_Dataset records:_

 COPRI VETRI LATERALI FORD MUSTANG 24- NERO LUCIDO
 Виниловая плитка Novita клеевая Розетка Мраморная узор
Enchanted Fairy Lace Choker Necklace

==

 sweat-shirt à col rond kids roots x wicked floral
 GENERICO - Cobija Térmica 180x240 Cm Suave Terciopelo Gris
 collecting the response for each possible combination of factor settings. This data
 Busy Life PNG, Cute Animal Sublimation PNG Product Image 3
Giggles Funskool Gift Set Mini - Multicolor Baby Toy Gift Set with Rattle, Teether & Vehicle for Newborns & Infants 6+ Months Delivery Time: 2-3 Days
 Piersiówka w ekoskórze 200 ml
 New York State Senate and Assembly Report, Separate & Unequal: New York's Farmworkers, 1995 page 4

---

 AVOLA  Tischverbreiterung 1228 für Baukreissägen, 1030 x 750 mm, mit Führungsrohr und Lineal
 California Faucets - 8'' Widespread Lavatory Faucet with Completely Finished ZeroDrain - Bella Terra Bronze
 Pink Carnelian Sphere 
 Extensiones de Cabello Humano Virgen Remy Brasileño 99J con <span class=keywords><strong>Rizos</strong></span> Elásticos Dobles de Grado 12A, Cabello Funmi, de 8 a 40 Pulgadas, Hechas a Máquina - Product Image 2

_How to complete this task:_ Look above for the line with "sweat-shirt à col" and the line with "Busy Life PNG, Cute". Write out those two lines and all the lines between them, exactly, and no others.

_Reply:_
 sweat-shirt à col rond kids roots x wicked floral
 GENERICO - Cobija Térmica 180x240 Cm Suave Terciopelo Gris
 collecting the response for each possible combination of factor settings. This data
 Busy Life PNG, Cute Animal Sublimation PNG Product Image 3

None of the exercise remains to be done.